Helen Maria Williams
In 1784, under Kippis’s guidance, Williams wrote Peru, a long poem in six cantos, which detailed the results of Spanish colonialism on the indigenous people of South America. Her next collection, Poems, published in 1786, demonstrated her abilities as a social critic and an advocate of feminine sensibility; its poems vehemently opposed war, slavery, religion, and Spanish colonial practices. Williams’s novel supporting the French Revolution, Julia, was published in 1790.
Once Williams had allied herself with the Girondists, she moved to Paris and primarily wrote letters and prose. She also hosted salons, entertaining such philosophers as Mary Wollstonecraft, Francisco de Miranda, and Thomas Paine. Thrown into a Luxembourg prison for her political beliefs, Williams was allowed to write sonnets and work on a series of English translations of French literature, most notably Jacques-Henri Bernardin de Saint-Pierre’s novel Paul et Virginie.

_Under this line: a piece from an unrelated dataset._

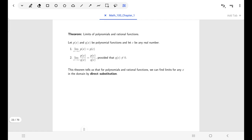Here's our theorem that tells us why what we did works — for polynomials and rational functions. If p and q happen to be polynomials and c is any real number, then for a polynomial function you find the limit just by evaluating your function at c. That justifies what we noticed: our limit turned out to be the same as what we got by putting in that value for x. The same is true for rational functions — polynomial over polynomial — as long as the denominator is not zero. In other words, for polynomials and rational functions, we just use direct substitution.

Williams was eventually released from prison and fled to Switzerland for a short period before returning to Paris. She continued to write until Napoleon arrested her in 1802 for her poem Ode on the Peace of Amiens. Troubled by Napoleon’s imperial ambitions, Williams stopped writing for a period of time. She resumed her literary career in 1815, however, and wrote poems, letters, sketches, some short fiction, and translations until her death.